:: DATA IN THIS EXERCISE ::
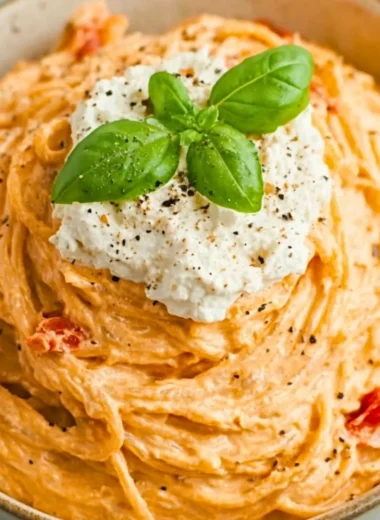 Plate of roasted tomato and garlic ricotta pasta garnished with basil
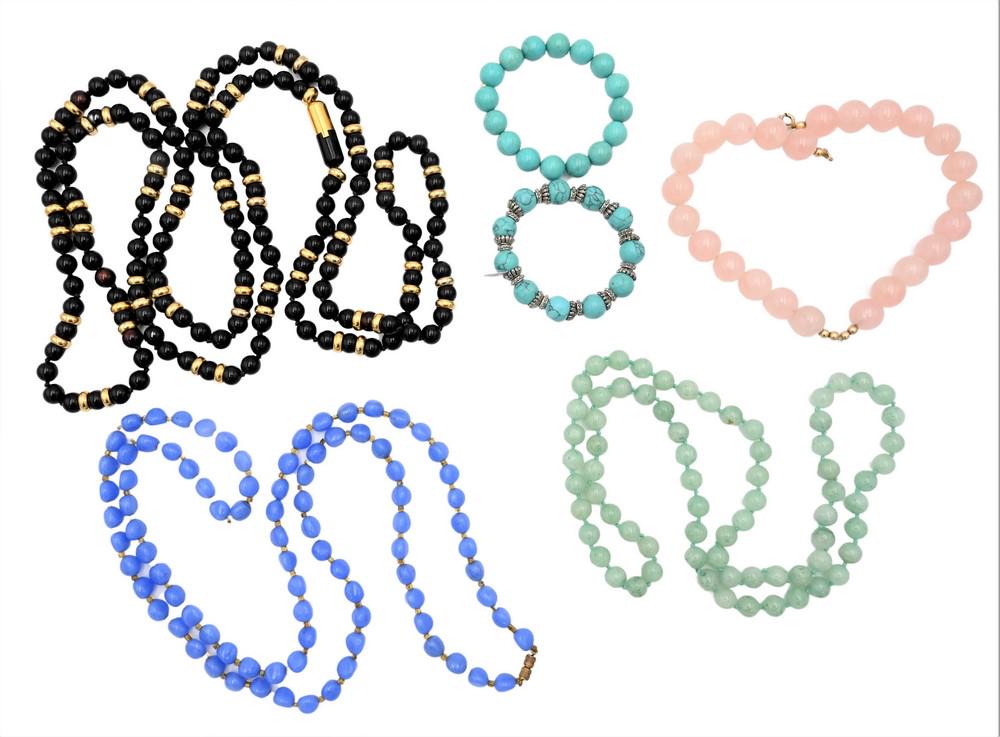 Group of Beaded Necklaces, to include a pink quartz beaded necklace, a light blue beaded necklace, a: Group of Beaded Necklaces, to include a pink quartz beaded necklace, a light blue beaded necklace, a jadeite beaded necklace, a black and gold beaded necklace, along with two turquoise bracelets.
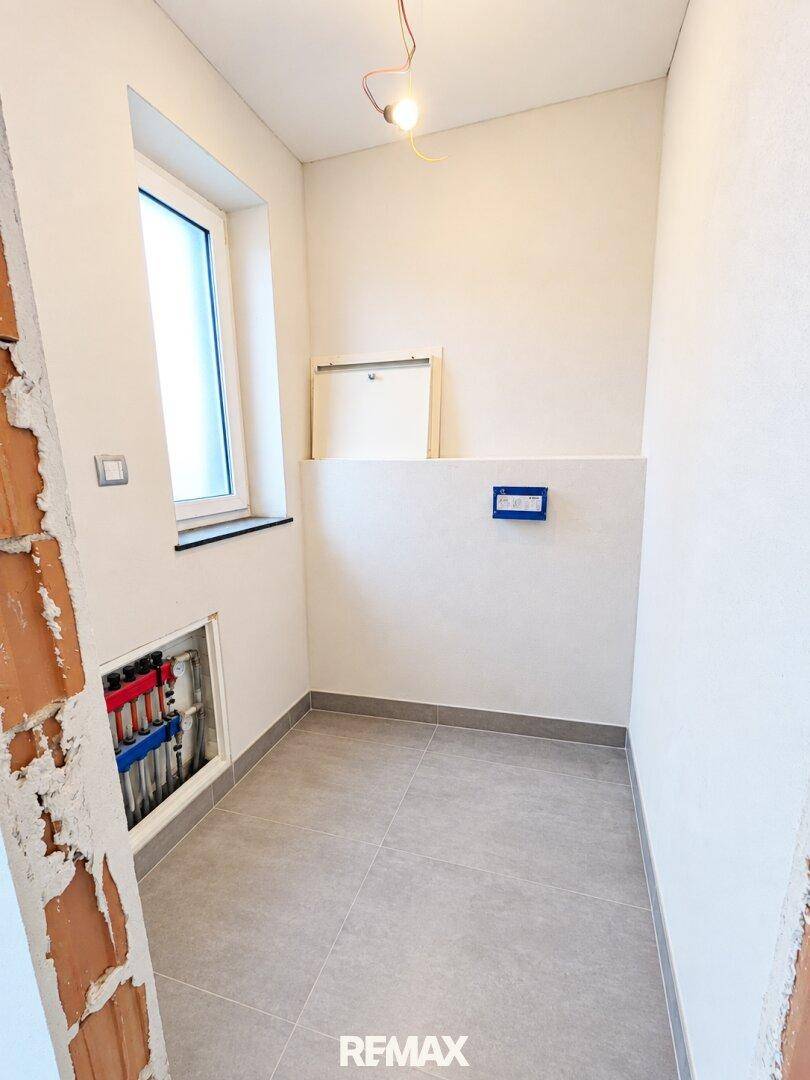 Kleiner Raum im Rohbau mit Fliesenboden und Fenster, vorbereitet für ein Gäste-WC.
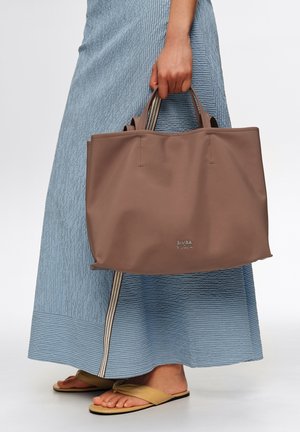 Mano sosteniendo una bolsa de tela marrón con asas cortas, lleva una falda azul texturizada y sandalias planas beige sobre un fondo blanco.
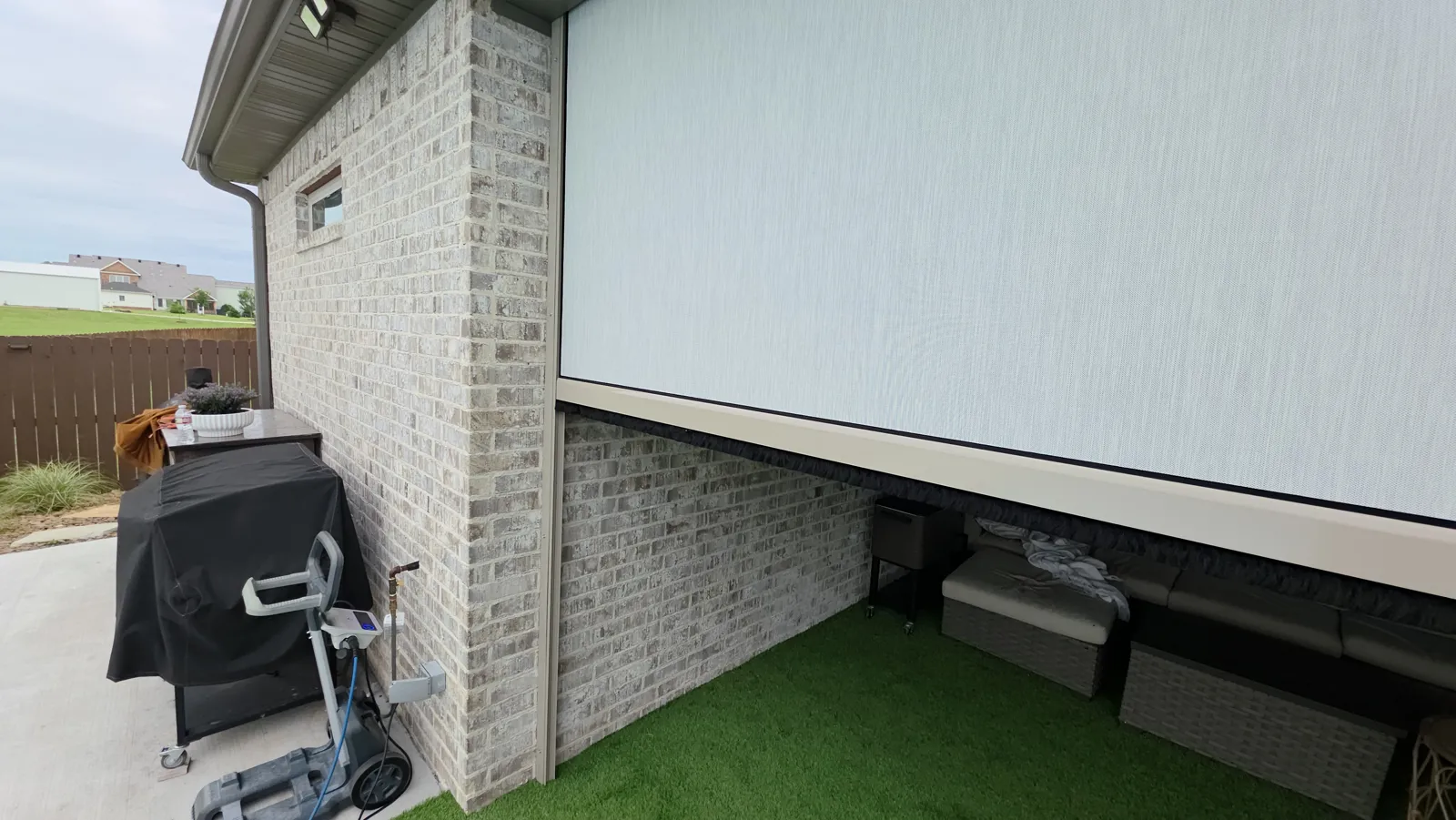 A light gray screen closed on the side of a brick house over a covered patio, with a grill and artificial turf, retractable screens for homes in Wilkins Estates, Lowell, Arkansas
:::
WHAT YOU ARE ASKED TO DO >> Each line above has to be returned exactly. Drop the pictures.

WRITTEN RESPONSE >>
 Plate of roasted tomato and garlic ricotta pasta garnished with basil
 Group of Beaded Necklaces, to include a pink quartz beaded necklace, a light blue beaded necklace, a: Group of Beaded Necklaces, to include a pink quartz beaded necklace, a light blue beaded necklace, a jadeite beaded necklace, a black and gold beaded necklace, along with two turquoise bracelets.
 Kleiner Raum im Rohbau mit Fliesenboden und Fenster, vorbereitet für ein Gäste-WC.
 Mano sosteniendo una bolsa de tela marrón con asas cortas, lleva una falda azul texturizada y sandalias planas beige sobre un fondo blanco.
 A light gray screen closed on the side of a brick house over a covered patio, with a grill and artificial turf, retractable screens for homes in Wilkins Estates, Lowell, Arkansas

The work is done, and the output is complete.